It held the New Englanders, who were being conveyed to the ship which was to take them home. There were the four seamen huddled together, and there in the sheets were Captain Ephraim Savage and Amos Green, conversing together and pointing to the shipping. The grizzled face of the old Puritan and the bold features of the woodsman were turned more than once in his direction, but no word of farewell and no kindly wave of the hand came back to the lonely exile. They were so full of their own future and their own happiness, that they had not a thought to spare upon his misery. He could have borne anything from his enemies, but this sudden neglect from his friends came too heavily after his other troubles. He stooped his face to his arms and burst in an instant into a passion of sobs. Before he raised his eyes again the brig had hoisted her anchor, and was tacking under full canvas out of the Quebec basin.
CHAPTER XXIX.
THE VOICE AT THE PORT-HOLE.
That night old Theophile Catinat was buried from the ship’s side, his sole mourners the two who bore his own blood in their veins. The next day De Catinat spent upon deck, amid the bustle and confusion of the unlading, endeavouring to cheer Adele by light chatter which came from a heavy heart. He pointed out to her the places which he had known so well, the citadel where he had been quartered, the college of the Jesuits, the cathedral of Bishop Laval, the magazine of the old company, dismantled by the great fire, and the house of Aubert de la Chesnaye, the only private one which had remained standing in the lower part. From where they lay they could see not only the places of interest, but something also of that motley population which made the town so different to all others save only its younger sister, Montreal.

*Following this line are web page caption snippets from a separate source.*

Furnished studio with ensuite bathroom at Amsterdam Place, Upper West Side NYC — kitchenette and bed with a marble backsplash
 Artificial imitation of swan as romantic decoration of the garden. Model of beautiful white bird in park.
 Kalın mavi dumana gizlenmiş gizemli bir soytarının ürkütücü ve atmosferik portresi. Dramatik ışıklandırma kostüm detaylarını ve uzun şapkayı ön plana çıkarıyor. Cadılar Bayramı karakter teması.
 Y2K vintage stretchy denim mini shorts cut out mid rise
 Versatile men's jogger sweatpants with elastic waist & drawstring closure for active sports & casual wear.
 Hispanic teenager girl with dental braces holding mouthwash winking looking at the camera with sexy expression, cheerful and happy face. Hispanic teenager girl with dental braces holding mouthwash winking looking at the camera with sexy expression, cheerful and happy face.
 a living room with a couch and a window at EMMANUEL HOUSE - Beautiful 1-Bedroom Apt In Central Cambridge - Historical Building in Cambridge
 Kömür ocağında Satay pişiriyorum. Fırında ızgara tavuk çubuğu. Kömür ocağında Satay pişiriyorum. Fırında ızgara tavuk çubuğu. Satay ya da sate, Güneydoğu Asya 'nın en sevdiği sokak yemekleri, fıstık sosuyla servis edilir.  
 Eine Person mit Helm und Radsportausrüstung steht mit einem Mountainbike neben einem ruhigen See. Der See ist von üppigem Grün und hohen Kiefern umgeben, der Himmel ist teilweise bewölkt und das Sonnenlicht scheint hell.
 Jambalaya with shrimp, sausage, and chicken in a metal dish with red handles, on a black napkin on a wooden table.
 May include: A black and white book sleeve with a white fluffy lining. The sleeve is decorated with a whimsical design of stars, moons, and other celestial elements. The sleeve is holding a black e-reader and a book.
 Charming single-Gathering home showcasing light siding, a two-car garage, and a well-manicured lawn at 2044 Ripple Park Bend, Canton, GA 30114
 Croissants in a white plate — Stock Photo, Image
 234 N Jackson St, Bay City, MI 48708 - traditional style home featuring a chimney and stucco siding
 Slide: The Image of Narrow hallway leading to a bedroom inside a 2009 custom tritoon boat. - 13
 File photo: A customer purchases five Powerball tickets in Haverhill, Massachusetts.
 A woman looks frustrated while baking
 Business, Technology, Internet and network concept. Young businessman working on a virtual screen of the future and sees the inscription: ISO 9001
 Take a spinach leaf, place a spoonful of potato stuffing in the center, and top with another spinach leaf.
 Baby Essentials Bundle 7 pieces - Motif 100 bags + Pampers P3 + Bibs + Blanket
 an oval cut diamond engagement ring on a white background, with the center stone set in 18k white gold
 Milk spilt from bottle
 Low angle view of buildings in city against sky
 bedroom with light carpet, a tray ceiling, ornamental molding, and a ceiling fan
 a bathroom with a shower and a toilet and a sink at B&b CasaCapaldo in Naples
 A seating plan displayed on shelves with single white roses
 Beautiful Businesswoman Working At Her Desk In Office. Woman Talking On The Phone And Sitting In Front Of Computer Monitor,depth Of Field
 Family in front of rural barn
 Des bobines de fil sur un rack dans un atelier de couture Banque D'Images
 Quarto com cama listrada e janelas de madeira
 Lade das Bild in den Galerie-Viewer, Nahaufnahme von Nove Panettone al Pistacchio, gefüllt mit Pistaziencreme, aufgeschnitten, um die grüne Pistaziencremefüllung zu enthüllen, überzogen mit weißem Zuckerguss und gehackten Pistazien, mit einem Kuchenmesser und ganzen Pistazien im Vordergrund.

Passing and repassing along the steep path with the picket fence which connected the two quarters, they saw the whole panorama of Canadian life moving before their eyes, the soldiers with their slouched hats, their plumes, and their bandoleers, habitants from the river cotes in their rude peasant dresses, little changed from their forefathers of Brittany or Normandy, and young rufflers from France or from the seigneuries, who cocked their hats and swaggered in what they thought to be the true Versailles fashion. There, too, might be seen little knots of the men of the woods, coureurs-de-bois or voyageurs, with leathern hunting tunics, fringed leggings, and fur cap with eagle feather, who came back once a year to the cities, leaving their Indian wives and children in some up-country wigwam. Redskins, too, were there, leather-faced Algonquin fishers and hunters, wild Micmacs from the east, and savage Abenakis from the south, while everywhere were the dark habits of the Franciscans, and the black cassocks and broad hats of the Recollets, and Jesuits, the moving spirits of the whole.